The first thing I would try is to see where the language is getting set to
objective c and force it c++. Just as an experiment. Depending where it
happens, it may be possible to initialize it from the debug info (or
hardcode it).

But since ObjC assumptions are baked into several places, this has
potential to break some things
On Wed, Oct 31, 2018 at 6:54 AM Aleksandr Urakov <
aleksandr.urakov at jetbrains.com> wrote:

> Sorry, I have somehow missed the discussion continuation there. Yes, it's
> a very similar problem, thanks. But unfortunately no one of the workarounds
> mentioned there doesn't work in this situation...
>
> On Wed, Oct 31, 2018 at 4:32 PM Zachary Turner <zturner at google.com> wrote:
>
>> It seems like we hit this issue in different contexts almost at the same
>> time (see my thread several days ago about “problem formatting value
>> objects”).
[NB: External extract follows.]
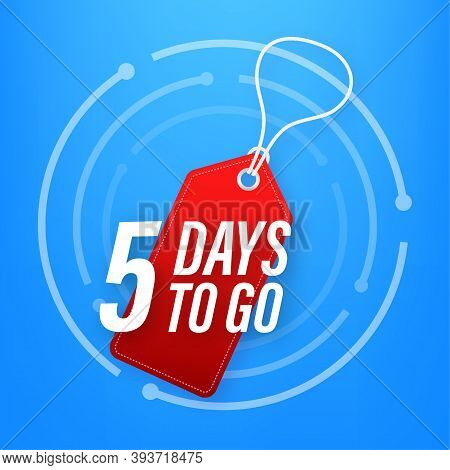 5 Days To Go. Countdown Timer. Clock Icon. Time Icon. Count Time Sale. Vector Stock Illustration.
That might at least give you some context about why things
>>
>> I wish ObjC assumptions weren’t so deeply embedded, but alas it is the
>> case.
>>
>> Hopefully Jim or someone has ideas on how to fix this properly.
>> On Wed, Oct 31, 2018 at 5:08 AM Aleksandr Urakov <
>> aleksandr.urakov at jetbrains.com> wrote:
>>
>>> Hello,
>>>
>>> I've tried to use a check like `if (m_ast_context->getLangOpts().ObjC)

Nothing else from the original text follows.